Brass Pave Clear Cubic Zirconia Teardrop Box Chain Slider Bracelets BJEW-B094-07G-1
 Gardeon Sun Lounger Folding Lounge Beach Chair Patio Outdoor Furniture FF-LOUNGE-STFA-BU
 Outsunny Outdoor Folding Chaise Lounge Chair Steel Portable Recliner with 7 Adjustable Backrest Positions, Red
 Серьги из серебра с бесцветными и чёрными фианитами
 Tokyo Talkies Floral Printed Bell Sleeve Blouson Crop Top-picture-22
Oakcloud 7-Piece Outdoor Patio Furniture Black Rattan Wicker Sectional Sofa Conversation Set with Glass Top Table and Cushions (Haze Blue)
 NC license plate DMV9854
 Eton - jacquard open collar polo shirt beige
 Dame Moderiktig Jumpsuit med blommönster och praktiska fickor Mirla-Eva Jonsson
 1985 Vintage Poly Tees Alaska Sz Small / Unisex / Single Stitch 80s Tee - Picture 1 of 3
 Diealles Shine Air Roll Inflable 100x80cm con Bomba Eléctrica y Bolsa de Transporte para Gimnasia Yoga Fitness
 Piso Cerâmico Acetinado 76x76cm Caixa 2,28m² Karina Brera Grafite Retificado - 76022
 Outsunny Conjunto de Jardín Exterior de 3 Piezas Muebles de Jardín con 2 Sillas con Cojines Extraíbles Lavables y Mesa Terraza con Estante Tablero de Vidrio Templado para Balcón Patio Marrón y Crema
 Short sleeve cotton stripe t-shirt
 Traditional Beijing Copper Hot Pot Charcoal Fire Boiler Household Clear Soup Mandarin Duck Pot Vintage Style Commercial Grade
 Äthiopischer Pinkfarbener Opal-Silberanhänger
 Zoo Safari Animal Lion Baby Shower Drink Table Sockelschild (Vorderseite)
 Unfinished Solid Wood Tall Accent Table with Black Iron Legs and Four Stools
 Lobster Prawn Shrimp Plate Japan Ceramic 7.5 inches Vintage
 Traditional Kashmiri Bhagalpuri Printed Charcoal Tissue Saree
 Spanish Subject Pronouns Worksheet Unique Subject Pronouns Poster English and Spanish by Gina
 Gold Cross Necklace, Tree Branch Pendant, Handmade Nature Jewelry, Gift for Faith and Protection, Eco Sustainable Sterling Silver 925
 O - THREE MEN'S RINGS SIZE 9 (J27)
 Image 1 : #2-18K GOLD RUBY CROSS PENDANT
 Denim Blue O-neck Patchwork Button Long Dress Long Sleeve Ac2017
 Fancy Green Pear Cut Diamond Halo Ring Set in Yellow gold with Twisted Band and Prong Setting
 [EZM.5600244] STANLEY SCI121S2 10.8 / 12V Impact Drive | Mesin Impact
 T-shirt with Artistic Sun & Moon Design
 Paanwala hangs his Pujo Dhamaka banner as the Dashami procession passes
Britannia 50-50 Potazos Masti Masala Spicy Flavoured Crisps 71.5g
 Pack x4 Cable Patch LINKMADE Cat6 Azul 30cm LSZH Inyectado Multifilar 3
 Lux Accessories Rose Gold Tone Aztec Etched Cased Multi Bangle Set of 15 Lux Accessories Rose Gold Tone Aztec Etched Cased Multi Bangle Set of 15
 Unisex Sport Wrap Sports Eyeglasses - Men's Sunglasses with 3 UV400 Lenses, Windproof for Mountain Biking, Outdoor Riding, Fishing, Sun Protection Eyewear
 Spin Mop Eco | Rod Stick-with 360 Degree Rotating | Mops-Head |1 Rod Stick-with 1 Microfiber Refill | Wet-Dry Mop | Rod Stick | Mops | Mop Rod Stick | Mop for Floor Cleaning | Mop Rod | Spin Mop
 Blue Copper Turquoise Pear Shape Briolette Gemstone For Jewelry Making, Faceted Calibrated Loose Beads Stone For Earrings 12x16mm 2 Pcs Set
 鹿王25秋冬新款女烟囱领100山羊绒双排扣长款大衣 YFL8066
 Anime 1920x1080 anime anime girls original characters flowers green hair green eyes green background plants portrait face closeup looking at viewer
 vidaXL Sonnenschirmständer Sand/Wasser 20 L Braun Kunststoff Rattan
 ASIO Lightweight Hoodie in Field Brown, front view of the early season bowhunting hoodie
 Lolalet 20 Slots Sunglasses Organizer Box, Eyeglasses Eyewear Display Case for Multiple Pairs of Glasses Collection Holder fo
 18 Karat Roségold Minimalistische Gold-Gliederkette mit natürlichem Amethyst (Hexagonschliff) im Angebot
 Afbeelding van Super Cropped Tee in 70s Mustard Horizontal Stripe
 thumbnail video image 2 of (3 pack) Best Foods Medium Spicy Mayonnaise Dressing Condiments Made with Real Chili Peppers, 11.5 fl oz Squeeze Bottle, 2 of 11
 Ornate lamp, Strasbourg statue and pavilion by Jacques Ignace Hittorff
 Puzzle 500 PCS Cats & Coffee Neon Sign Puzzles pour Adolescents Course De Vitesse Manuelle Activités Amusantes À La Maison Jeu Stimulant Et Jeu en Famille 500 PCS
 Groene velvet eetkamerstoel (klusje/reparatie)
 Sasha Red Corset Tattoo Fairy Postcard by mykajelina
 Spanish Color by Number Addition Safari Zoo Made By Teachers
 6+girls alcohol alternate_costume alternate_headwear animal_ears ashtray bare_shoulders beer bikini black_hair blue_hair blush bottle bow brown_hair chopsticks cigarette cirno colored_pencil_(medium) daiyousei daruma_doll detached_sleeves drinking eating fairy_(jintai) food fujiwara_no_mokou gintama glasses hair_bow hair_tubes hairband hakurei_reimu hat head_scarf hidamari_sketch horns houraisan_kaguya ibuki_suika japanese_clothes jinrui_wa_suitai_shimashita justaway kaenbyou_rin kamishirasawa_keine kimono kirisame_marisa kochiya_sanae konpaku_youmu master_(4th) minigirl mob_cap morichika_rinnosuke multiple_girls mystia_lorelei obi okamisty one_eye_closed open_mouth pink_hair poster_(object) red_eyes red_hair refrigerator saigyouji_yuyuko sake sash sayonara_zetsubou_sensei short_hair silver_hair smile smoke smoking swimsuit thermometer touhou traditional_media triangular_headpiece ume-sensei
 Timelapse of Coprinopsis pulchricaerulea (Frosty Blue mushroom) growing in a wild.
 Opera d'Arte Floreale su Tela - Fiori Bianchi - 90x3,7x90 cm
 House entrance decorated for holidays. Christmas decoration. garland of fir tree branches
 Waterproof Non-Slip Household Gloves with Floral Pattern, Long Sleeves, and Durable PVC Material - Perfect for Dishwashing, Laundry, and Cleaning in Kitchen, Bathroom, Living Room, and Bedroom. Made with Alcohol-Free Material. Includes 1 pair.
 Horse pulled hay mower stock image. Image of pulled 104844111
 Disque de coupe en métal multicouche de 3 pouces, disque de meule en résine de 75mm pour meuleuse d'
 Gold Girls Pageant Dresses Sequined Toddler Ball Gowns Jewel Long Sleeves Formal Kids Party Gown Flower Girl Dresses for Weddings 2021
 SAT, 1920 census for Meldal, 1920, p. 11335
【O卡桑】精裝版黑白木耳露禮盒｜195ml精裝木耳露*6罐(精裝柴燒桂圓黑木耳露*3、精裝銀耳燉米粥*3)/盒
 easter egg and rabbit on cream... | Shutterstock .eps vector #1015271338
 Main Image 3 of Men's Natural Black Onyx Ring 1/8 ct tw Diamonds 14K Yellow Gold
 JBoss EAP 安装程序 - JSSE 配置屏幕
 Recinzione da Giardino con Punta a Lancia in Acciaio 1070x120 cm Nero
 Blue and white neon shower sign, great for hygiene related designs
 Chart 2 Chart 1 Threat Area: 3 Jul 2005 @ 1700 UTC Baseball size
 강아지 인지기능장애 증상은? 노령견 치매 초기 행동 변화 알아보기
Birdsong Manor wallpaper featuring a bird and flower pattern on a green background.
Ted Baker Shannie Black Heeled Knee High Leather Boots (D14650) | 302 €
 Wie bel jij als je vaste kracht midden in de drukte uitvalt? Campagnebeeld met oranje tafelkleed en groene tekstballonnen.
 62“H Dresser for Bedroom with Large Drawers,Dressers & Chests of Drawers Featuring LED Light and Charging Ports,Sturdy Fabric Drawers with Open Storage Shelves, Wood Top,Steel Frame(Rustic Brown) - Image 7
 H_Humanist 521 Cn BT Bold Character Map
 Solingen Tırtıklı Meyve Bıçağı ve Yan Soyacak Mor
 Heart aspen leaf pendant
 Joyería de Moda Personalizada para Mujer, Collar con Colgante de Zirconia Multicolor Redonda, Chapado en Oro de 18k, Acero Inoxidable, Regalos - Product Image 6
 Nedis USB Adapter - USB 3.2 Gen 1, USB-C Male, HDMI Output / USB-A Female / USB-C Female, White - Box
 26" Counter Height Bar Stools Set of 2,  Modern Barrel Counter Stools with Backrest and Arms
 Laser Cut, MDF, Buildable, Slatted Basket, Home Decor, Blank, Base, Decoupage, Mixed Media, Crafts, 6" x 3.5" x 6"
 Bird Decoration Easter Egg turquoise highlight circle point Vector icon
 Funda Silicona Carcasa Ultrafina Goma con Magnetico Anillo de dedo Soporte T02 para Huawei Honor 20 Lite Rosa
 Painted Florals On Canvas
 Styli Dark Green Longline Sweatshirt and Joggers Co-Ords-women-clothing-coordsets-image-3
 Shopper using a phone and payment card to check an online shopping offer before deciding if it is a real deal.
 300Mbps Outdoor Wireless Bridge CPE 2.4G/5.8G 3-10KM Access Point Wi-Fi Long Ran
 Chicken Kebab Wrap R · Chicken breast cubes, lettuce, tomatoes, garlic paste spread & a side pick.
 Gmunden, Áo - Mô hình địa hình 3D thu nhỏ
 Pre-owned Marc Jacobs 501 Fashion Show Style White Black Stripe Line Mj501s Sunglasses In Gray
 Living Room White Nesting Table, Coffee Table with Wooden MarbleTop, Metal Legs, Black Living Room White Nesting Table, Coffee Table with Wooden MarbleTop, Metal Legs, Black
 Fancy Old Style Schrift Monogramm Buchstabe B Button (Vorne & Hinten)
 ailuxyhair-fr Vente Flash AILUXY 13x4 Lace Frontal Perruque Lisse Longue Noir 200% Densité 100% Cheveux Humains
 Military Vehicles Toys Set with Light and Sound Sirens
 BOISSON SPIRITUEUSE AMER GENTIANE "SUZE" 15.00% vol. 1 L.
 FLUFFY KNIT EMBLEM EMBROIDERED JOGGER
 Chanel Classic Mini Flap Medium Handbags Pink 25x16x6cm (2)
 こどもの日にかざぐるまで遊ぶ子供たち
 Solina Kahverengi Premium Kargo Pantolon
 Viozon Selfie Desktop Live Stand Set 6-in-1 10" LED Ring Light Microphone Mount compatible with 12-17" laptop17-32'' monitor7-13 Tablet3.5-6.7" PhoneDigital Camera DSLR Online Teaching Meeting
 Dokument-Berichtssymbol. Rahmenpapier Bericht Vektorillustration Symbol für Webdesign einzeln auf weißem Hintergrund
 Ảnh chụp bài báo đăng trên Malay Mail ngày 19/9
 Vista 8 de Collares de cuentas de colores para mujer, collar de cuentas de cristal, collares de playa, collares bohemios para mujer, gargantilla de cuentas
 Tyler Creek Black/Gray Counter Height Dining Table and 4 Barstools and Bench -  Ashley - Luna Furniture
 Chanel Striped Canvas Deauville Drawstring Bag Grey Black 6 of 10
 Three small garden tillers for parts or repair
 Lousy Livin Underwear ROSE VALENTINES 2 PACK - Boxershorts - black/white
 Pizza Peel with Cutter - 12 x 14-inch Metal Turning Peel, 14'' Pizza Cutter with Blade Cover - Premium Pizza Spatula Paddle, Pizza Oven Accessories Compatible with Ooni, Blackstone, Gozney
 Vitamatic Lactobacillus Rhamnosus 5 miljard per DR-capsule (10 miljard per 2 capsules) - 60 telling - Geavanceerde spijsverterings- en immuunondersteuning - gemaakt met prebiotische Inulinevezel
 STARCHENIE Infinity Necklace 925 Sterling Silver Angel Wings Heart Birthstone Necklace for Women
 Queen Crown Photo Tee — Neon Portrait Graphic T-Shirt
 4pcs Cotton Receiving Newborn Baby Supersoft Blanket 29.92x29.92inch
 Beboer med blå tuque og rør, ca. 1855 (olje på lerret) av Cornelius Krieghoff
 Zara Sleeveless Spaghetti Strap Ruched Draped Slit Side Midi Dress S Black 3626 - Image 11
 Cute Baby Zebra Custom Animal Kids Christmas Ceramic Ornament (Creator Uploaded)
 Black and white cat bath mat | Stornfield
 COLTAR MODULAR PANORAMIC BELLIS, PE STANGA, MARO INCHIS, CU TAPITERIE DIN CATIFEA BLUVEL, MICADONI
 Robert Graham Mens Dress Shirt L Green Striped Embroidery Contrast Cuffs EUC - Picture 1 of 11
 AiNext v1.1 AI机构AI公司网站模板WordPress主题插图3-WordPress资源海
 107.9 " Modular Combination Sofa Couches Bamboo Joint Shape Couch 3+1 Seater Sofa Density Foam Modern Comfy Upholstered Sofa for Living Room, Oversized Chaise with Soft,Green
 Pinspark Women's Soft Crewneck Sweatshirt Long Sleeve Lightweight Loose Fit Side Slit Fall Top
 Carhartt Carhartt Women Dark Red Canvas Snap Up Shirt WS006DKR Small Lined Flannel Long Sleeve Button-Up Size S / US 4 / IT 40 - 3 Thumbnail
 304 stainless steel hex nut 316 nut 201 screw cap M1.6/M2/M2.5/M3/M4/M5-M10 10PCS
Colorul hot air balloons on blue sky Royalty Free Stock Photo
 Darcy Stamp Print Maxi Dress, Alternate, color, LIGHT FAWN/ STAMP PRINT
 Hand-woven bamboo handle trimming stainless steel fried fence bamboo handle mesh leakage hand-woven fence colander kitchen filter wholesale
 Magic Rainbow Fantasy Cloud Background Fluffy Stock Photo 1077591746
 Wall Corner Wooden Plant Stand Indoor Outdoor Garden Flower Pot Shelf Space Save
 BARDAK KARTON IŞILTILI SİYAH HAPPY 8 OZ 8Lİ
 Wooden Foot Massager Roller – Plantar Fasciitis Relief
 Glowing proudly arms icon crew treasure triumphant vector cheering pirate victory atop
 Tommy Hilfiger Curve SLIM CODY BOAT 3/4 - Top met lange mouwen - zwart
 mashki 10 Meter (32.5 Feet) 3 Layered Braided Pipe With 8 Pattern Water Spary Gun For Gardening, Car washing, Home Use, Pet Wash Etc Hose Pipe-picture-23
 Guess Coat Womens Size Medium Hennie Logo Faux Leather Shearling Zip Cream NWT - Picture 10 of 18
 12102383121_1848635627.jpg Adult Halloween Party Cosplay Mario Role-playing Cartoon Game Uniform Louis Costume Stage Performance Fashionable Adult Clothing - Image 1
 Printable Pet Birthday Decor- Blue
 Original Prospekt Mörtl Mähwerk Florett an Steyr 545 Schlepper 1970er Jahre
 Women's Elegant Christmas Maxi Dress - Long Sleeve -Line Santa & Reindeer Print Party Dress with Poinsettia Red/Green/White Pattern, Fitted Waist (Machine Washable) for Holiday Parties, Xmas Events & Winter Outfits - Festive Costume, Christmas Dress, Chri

★ ★ ★ ★ ★ ★ ★

▶ [Exercise objective]: Which lines hold the word "Eyeglasses"? Return all of them from the records above.

▶ [Response box]:
 Unisex Sport Wrap Sports Eyeglasses - Men's Sunglasses with 3 UV400 Lenses, Windproof for Mountain Biking, Outdoor Riding, Fishing, Sun Protection Eyewear
 Lolalet 20 Slots Sunglasses Organizer Box, Eyeglasses Eyewear Display Case for Multiple Pairs of Glasses Collection Holder fo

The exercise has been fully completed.